• **YOUR TASK**:
Of the records that follow, copy only the lines from the line containing "Покатушки на питбайке" to the line containing "Новий друг. Мої", both included, exactly as written.

━━ RECORDS SUPPLIED

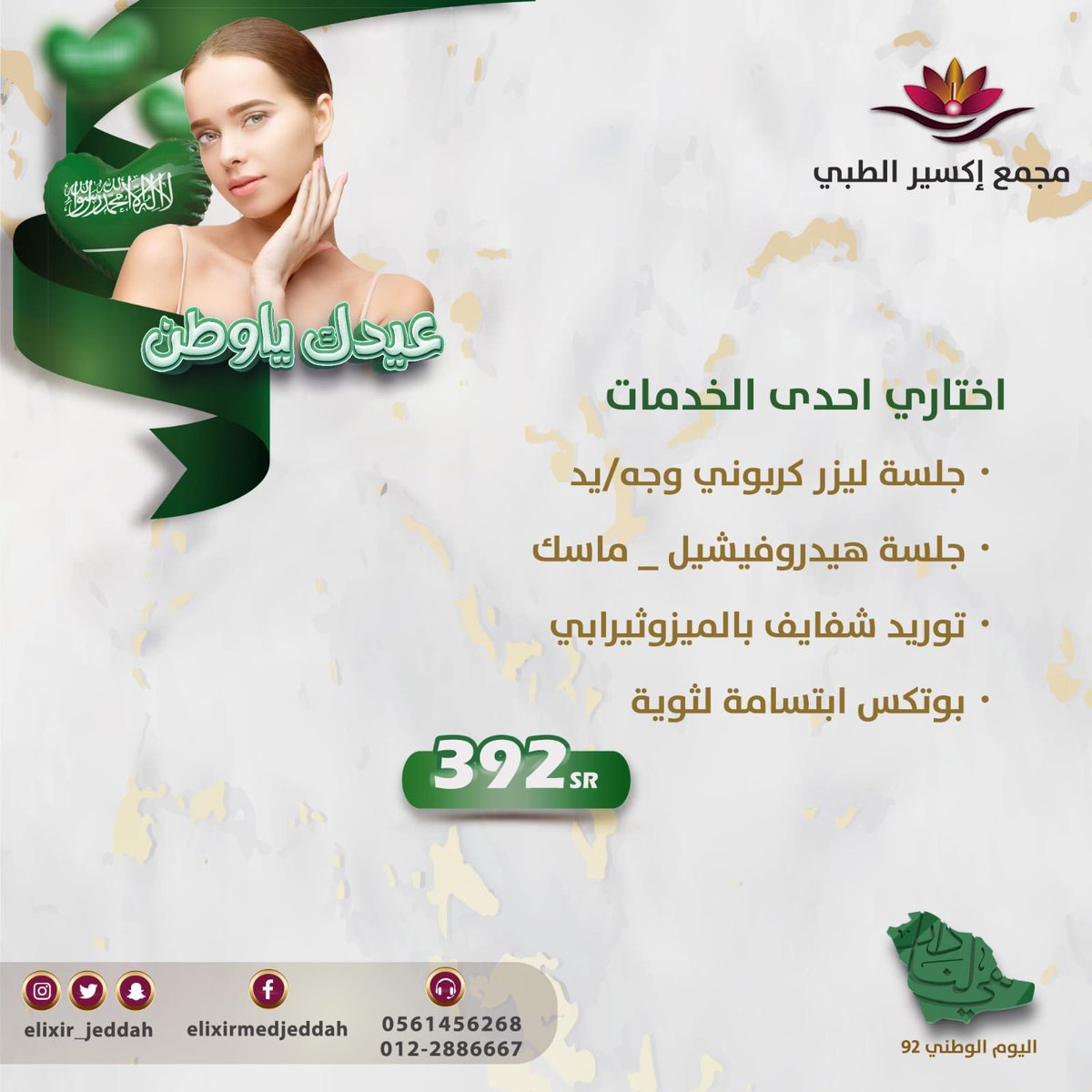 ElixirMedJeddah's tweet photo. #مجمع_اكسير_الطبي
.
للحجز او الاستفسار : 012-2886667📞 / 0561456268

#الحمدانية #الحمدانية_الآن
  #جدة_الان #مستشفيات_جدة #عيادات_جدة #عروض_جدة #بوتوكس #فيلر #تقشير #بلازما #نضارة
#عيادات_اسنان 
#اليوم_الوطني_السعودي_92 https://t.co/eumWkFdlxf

━━━━
━━ RECORDS SUPPLIED

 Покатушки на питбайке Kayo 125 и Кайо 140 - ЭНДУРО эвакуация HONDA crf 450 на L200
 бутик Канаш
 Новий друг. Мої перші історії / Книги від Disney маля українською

━━━━
━━ RECORDS SUPPLIED

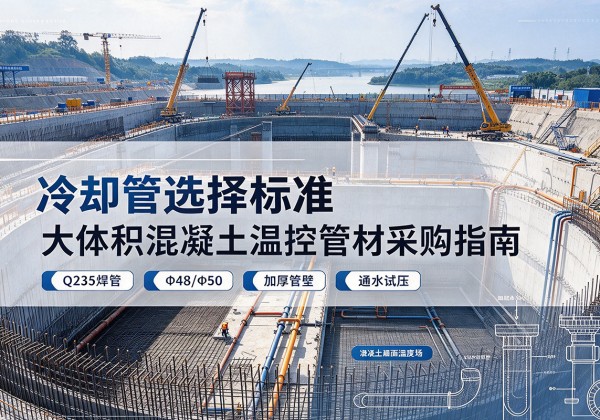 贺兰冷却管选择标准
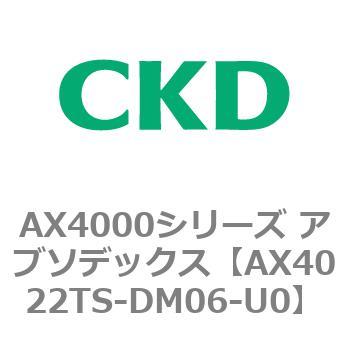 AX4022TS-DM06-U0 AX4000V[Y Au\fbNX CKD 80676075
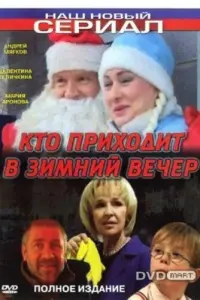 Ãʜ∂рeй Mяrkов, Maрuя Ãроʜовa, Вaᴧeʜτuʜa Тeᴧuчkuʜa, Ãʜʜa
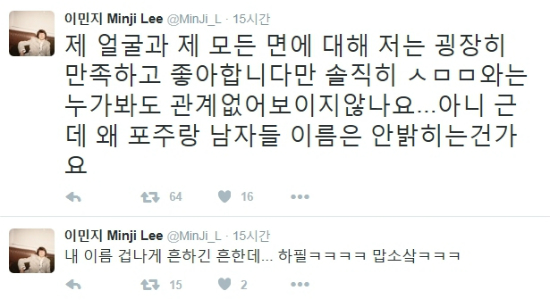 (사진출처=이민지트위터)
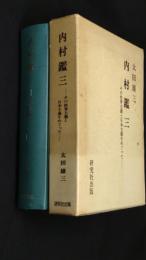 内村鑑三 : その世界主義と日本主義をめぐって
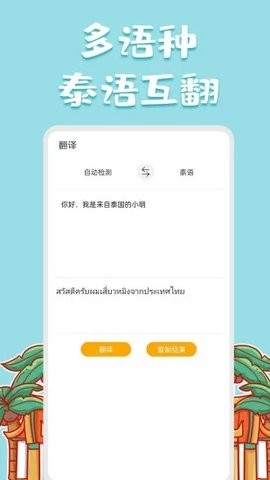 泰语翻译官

━━━━

• **SOLUTION TO THE EXERCISE**:
 Покатушки на питбайке Kayo 125 и Кайо 140 - ЭНДУРО эвакуация HONDA crf 450 на L200
 бутик Канаш
 Новий друг. Мої перші історії / Книги від Disney маля українською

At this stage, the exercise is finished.